1. There’s one trick to all trick questions.
“All trick questions, even the really scary psychological questions, are crafted so that you will give a negative answer.”

The truth is that positive people are hired more often. And in an interview, people can show that they are that type of person by intentionally presenting their information in the most positive way.

So get all your bitching about your career out of your system before you get to the interview. And each time you are inclined to say something negative, change it or leave it unsaid. Once you get hired, there will be plenty of time to open the spigot of animosity if you need to.
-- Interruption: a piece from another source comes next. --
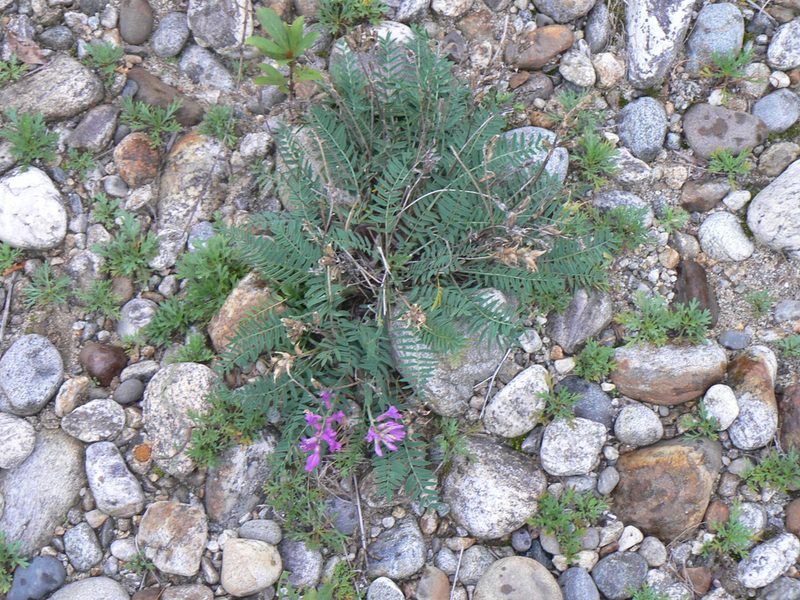 Oxytropis longirostra, photographed by Andrew Bazdyrev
But you work so hard on presenting yourself in your best light in the interview — why not attempt to extend that best you to your whole life instead of those two hours of interviews? People will like you better at work, and your positive outlook will help you to make all your experiences in life better.

2. A thank-you note is too late to express enthusiasm for the job.
“A hiring manager’s mind is made up in the first twenty minutes of an interview, and often nothing can be done to change that.”

During this twenty minutes, most hiring managers are subconsciously screening for enthusiasm. Because people want coworkers who are excited about their job. Ironically, though, most people who are interviewing for a job go into that interview unsure if they want the position, and they tell themselves they’ll make a decision based on the interview.

But if you decide to be enthusiastic about the job at the end of the interview or, worse yet, when you write the thank you note, you are way too late.

To solve this problem, go into the job convinced that you want it. Be enthusiastic about the job and get the job. You may decide later that you don’t want it. That’s fine. But this way you’ll have that decision to make. Note that this means the interview is not the time to ask difficult, probing questions about the company. Save those for after you have a job offer. Ask questions that convey a positive, sunny attitude toward your interviewer and the company. That will get you an offer.

3. No one will tell you that you’ve made a mistake.
“No one will tell you that your resume wasn’t up to par; it will simply land in the trash. No one will tell you that you said something that scared the interviewer during a phone screen; you’ll just never be able to get that person on the phone again.”

Part of the reason is that you never get feedback is it’s too high risk to tell candidates what they do wrong: There is little benefit to the company, since they are not going to hire you anyway, and there is the remote chance that you will bring up a discrimination lawsuit.

The other reason no one will tell you what you did wrong is because it takes extra energy to take time to help someone, and we can’t do that with everyone, so we help the people who look like the strongest performers. It’s like that axiom, “the rich get richer” but in this case, “the best candidates get better.” How to fix this in your own life? Ask for a lot of help from people who are in a position to help you.